Please print every line of the listing, unchanged.
----
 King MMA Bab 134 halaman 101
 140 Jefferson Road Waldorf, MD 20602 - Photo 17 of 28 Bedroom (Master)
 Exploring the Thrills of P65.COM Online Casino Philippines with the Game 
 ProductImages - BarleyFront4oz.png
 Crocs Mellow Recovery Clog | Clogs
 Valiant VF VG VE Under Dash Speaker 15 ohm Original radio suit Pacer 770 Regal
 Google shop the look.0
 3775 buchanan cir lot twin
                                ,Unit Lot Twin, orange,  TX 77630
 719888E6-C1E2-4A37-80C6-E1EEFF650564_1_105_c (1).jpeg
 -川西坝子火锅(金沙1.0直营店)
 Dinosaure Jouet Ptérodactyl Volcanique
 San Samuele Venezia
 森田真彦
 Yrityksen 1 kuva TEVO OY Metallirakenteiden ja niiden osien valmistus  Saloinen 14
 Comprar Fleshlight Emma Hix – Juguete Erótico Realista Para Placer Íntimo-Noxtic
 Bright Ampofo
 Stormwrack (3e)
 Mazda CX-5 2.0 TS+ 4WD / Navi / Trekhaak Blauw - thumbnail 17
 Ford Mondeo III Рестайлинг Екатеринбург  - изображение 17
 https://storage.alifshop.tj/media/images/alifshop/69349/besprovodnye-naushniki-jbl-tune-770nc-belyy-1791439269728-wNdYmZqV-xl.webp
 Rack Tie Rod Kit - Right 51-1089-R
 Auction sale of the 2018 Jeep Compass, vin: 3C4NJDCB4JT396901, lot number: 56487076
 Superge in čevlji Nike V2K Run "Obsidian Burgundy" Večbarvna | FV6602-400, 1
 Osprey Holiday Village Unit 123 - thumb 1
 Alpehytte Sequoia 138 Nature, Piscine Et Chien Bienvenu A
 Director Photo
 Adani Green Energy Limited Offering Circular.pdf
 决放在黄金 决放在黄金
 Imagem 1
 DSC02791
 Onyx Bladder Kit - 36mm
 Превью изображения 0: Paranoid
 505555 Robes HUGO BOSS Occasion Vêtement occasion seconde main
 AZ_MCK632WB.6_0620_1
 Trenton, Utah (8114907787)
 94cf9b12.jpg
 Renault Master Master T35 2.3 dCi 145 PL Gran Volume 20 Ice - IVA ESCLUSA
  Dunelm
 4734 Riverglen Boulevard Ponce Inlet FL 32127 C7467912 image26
----
* _Expected output_
 King MMA Bab 134 halaman 101
 140 Jefferson Road Waldorf, MD 20602 - Photo 17 of 28 Bedroom (Master)
 Exploring the Thrills of P65.COM Online Casino Philippines with the Game 
 ProductImages - BarleyFront4oz.png
 Crocs Mellow Recovery Clog | Clogs
 Valiant VF VG VE Under Dash Speaker 15 ohm Original radio suit Pacer 770 Regal
 Google shop the look.0
 3775 buchanan cir lot twin
                                ,Unit Lot Twin, orange,  TX 77630
 719888E6-C1E2-4A37-80C6-E1EEFF650564_1_105_c (1).jpeg
 -川西坝子火锅(金沙1.0直营店)
 Dinosaure Jouet Ptérodactyl Volcanique
 San Samuele Venezia
 森田真彦
 Yrityksen 1 kuva TEVO OY Metallirakenteiden ja niiden osien valmistus  Saloinen 14
 Comprar Fleshlight Emma Hix – Juguete Erótico Realista Para Placer Íntimo-Noxtic
 Bright Ampofo
 Stormwrack (3e)
 Mazda CX-5 2.0 TS+ 4WD / Navi / Trekhaak Blauw - thumbnail 17
 Ford Mondeo III Рестайлинг Екатеринбург  - изображение 17
 https://storage.alifshop.tj/media/images/alifshop/69349/besprovodnye-naushniki-jbl-tune-770nc-belyy-1791439269728-wNdYmZqV-xl.webp
 Rack Tie Rod Kit - Right 51-1089-R
 Auction sale of the 2018 Jeep Compass, vin: 3C4NJDCB4JT396901, lot number: 56487076
 Superge in čevlji Nike V2K Run "Obsidian Burgundy" Večbarvna | FV6602-400, 1
 Osprey Holiday Village Unit 123 - thumb 1
 Alpehytte Sequoia 138 Nature, Piscine Et Chien Bienvenu A
 Director Photo
 Adani Green Energy Limited Offering Circular.pdf
 决放在黄金 决放在黄金
 Imagem 1
 DSC02791
 Onyx Bladder Kit - 36mm
 Превью изображения 0: Paranoid
 505555 Robes HUGO BOSS Occasion Vêtement occasion seconde main
 AZ_MCK632WB.6_0620_1
 Trenton, Utah (8114907787)
 94cf9b12.jpg
 Renault Master Master T35 2.3 dCi 145 PL Gran Volume 20 Ice - IVA ESCLUSA
  Dunelm
 4734 Riverglen Boulevard Ponce Inlet FL 32127 C7467912 image26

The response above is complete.